Innerhalb von drei Jahren sind also sieben Promi-Titel auf den Markt gekommen. Mamane glaubt aber nicht, dass es sich um ein Phänomen von kurzer Halbwertszeit handelt: "Da Testimonialwerbung keine Eintagsfliege ist, können wir vielleicht eher von einem Start eines Trends ausgehen", so der Agenturchef. Zumal es bei diesen Projekten auf einen langen Atem ankomme: Jeder Magazinlaunch sei mit enormen Kosten verbunden, die sich erst nach einiger Zeit amortisieren könnten, denn: "Eine Leserschaft baut sich auch erst meist im Laufe der Zeit auf und Werbepartner wollen eine gewisse Planbarkeit und Verlässlichkeit."
Henner Mamane
© Think Out Of The Box
Henner Mamane
Für die Verlage seien Personality-Magazine vor allem deswegen reizvoll, weil sie mit prominenten Mitherausgebern bzw. Testimonials viele Fliegen mit einer Klappe schlagen könnten, so Mamane: "Der Prominente steht für Glaubwürdigkeit in seinem Metier, hat hohe Sympathiewerte und eine mediale Relevanz, die entsprechende 'Unpaid PR' über die verlagseigenen Medien hinaus generiert. Zudem bringen Prominente ihre eigene Zielgruppe und Leserschaft mit."

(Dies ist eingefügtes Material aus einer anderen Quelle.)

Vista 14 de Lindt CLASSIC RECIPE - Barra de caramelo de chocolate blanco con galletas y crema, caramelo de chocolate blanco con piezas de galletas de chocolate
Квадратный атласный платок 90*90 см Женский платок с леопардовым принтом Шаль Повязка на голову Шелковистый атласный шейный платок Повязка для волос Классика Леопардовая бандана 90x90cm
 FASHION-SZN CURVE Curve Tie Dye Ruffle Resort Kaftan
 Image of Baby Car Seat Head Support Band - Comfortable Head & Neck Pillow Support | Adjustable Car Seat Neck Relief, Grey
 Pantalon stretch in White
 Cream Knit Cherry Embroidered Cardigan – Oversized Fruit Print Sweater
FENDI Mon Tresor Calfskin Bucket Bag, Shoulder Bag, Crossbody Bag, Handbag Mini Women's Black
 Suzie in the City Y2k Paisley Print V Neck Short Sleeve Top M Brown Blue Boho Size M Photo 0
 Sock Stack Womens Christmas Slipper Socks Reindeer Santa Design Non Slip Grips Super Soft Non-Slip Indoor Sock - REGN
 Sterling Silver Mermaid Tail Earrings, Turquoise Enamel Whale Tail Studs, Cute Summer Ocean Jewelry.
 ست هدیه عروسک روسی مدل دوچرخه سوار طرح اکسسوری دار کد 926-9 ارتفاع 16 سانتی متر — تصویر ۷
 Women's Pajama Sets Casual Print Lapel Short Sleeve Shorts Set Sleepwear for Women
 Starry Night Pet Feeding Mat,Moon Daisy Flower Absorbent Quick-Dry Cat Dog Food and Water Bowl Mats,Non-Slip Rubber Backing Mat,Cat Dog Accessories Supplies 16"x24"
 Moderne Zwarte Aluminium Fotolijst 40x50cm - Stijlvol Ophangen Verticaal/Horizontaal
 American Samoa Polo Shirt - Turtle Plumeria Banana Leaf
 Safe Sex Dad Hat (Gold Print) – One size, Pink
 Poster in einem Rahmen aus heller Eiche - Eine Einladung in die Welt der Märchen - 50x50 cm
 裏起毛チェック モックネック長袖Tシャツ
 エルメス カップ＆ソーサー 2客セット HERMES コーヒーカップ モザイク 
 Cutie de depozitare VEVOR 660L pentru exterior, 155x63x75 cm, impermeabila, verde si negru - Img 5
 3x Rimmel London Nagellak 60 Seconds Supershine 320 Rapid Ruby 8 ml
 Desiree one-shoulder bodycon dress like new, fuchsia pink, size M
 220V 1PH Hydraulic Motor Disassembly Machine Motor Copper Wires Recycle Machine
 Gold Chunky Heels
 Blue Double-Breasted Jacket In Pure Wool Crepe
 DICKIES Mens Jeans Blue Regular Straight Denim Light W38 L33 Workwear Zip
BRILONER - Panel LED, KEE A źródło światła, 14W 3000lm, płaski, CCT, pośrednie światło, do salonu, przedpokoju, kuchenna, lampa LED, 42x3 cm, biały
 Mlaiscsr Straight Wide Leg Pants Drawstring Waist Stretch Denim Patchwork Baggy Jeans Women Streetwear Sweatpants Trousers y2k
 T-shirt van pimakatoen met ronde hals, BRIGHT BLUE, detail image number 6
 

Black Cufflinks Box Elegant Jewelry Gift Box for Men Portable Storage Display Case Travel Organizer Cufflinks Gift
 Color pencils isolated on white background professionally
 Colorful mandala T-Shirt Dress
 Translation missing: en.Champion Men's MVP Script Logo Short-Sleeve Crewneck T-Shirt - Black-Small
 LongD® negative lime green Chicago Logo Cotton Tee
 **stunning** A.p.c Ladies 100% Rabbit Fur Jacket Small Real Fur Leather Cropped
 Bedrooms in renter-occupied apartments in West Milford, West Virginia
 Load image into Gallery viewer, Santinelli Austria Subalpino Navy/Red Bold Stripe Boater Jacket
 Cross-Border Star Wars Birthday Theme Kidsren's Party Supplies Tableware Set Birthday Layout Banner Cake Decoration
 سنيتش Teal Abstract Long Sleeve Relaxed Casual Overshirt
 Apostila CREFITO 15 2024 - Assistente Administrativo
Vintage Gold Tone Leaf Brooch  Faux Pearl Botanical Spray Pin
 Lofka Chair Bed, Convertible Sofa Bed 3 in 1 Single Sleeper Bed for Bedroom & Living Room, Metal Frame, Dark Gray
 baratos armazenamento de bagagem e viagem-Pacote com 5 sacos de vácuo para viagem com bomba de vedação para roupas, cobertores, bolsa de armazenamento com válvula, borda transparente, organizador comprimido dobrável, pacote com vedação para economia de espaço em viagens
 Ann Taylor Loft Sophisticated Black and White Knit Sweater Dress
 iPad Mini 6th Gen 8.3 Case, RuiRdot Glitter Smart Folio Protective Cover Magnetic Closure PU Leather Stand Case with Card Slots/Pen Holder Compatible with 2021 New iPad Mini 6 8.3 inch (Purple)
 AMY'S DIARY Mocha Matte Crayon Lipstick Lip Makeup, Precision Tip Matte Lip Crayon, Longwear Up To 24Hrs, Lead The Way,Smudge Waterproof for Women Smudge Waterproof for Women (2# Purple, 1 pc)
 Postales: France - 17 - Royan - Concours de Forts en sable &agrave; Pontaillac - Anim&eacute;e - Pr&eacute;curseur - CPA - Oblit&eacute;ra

Medienhäuser könnten von dieser Strahlkraft profitieren, weil dadurch etwa die normalerweise lange Etablierungsphase für einen neuen Titel deutlich verkürzt werden könne, erklärt Mamane. Was nicht heißt, dass solche Titel eine sichere Bank sind. Ohne ein stimmiges Konzept zieht auch der größte Name nicht, glaubt der Celebrity-Experte: "Für den langfristigen Erfolg ist wichtig, dass die Inhalte stimmen. Denn nur so kann dauerhaft garantiert werden, dass Auflage – und damit verbunden Werbeeinnahmen – stimmen. Der erfolgreichste Promi kann ein Heft nicht pushen, dessen redaktioneller Inhalt Müll ist." Und das ist nicht die einzige Stolperfalle. Verlage sollten sich gut überlegen, mit wem sie sich zusammentun. Wer für Eskapaden bekannt ist, an dem werden Medienpartner keine Freude haben, glaubt Mamane: "Tritt der Promi im Privatleben daneben, ist es meist auch für das Magazin vorbei."

Ein Testimonial wie Joko Winterscheidt ist diebezüglich durchaus mit Risiken behaftet: Der TV-Moderator liebt die Kontroverse und die Provokation. Mamane sieht darin aber auch eine Chance: Es sei auch "enorm attraktiv, dass er so polarisiert."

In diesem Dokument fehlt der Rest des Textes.